> _Directions_:
The copy you return must begin at the line containing "Bungalow for sale in Kira Kampala" and end at the final line of the listing below, with every picture left out.
++++
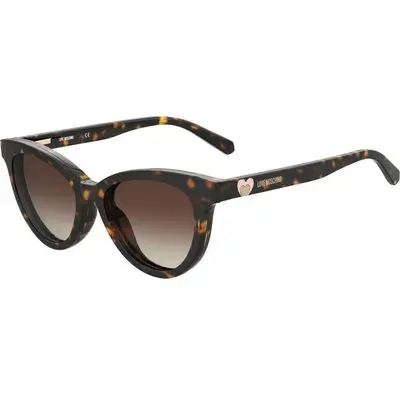Love Moschino Mol051_cs (MOL051_CS_086-HA_52) Women EYEWEAR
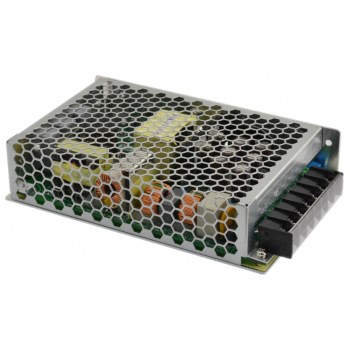 ZASILACZ STABILIZOWANY MEAN WELL HRP-100-24 24V/108W/4.5A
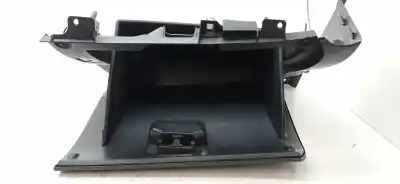 Автозапчасти б/у бардачок за mazda 2 lim. () black tech edition ссылки oem iam   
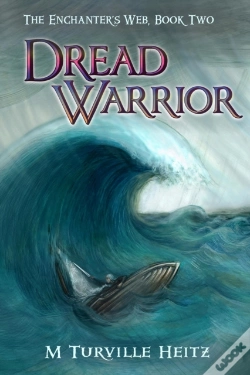 Capa do artigo Dread Warrior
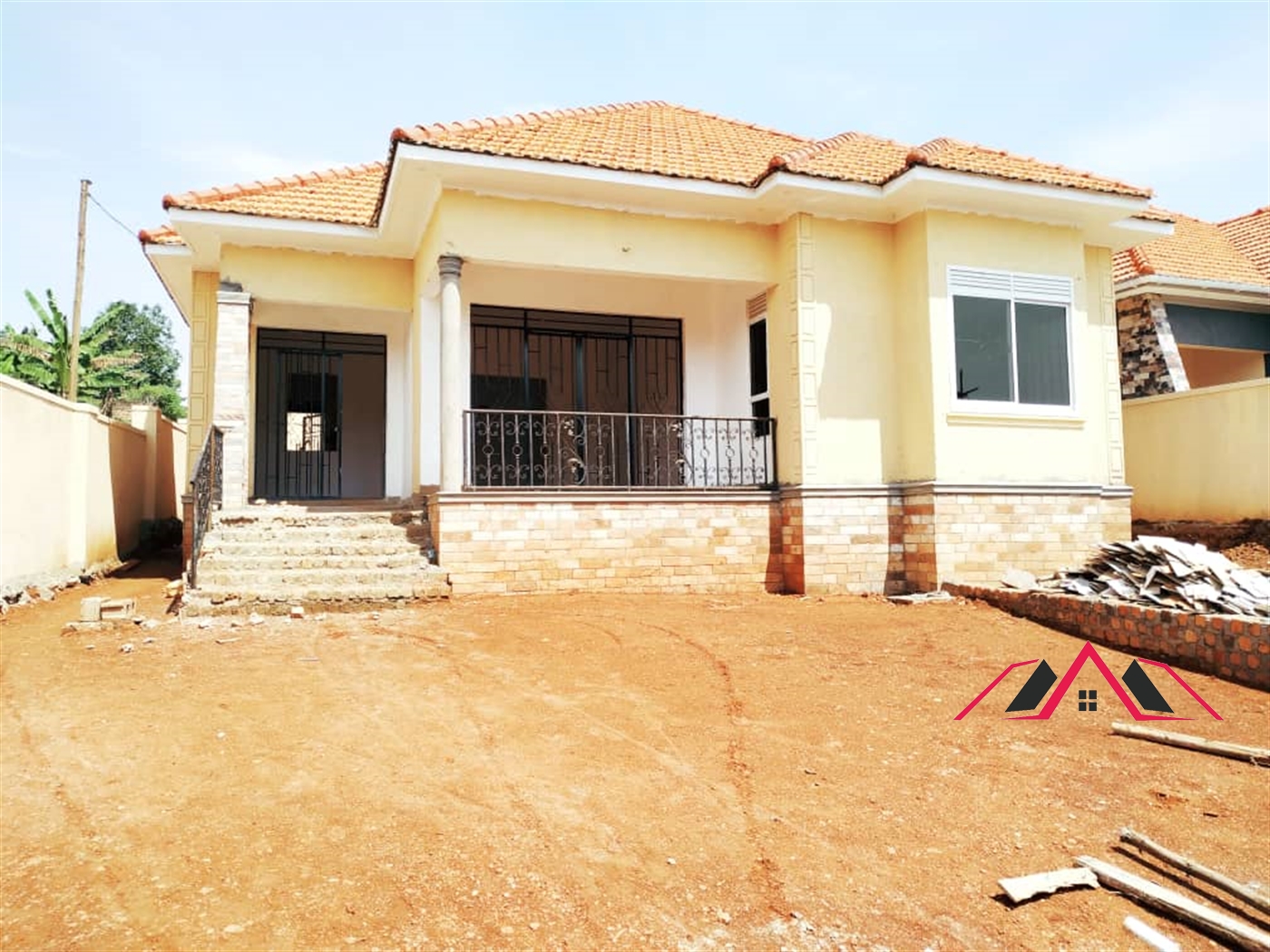 Bungalow for sale in Kira Kampala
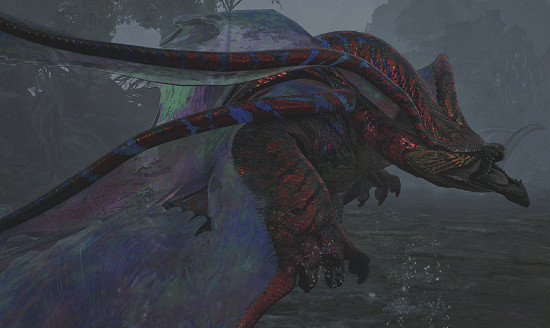 《怪獵：荒野》交流祭典【踴火之儀】結束時間延後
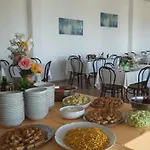 Pensjonat Casa Vacanze Blu Mare *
++++
> _Written answer_:
 Bungalow for sale in Kira Kampala
 《怪獵：荒野》交流祭典【踴火之儀】結束時間延後
 Pensjonat Casa Vacanze Blu Mare *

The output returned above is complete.